Material provided =>
• • • • • • •

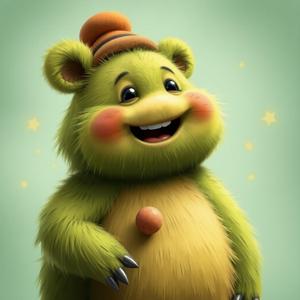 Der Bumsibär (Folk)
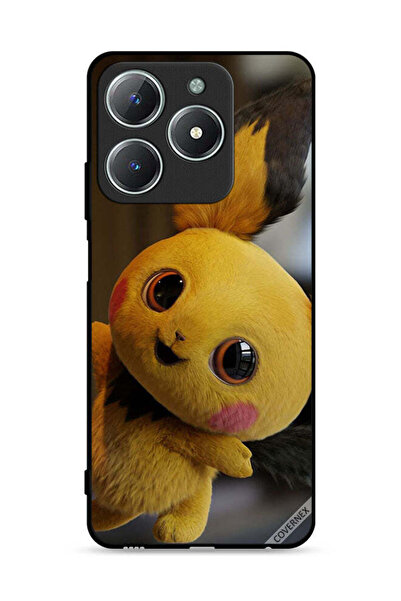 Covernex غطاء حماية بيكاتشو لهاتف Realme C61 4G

• • • • • • •

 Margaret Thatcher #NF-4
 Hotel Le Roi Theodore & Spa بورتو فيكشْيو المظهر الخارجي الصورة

• • • • • • •

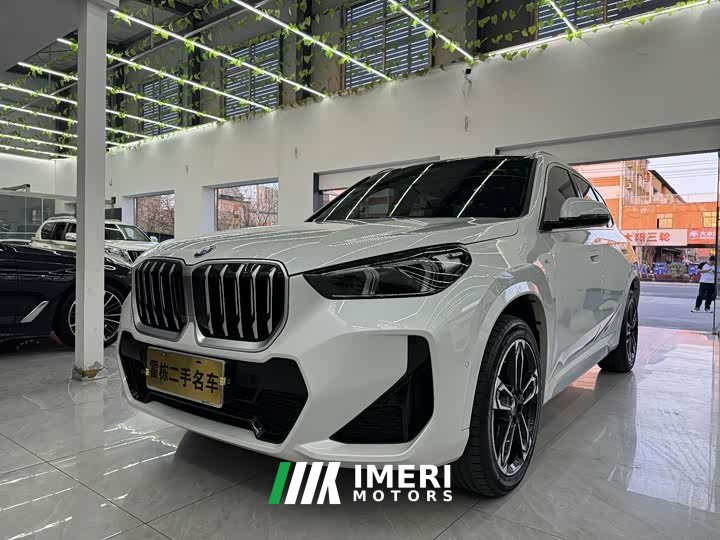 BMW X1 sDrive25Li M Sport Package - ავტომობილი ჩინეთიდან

• • • • • • •

Exercise description => Quote the data above exactly from the line with "Der Bumsibär (Folk)" to the line with "Covernex غطاء حماية", both ends counted, and nothing else. Pictures don't go in.

Result =>
 Der Bumsibär (Folk)
 Covernex غطاء حماية بيكاتشو لهاتف Realme C61 4G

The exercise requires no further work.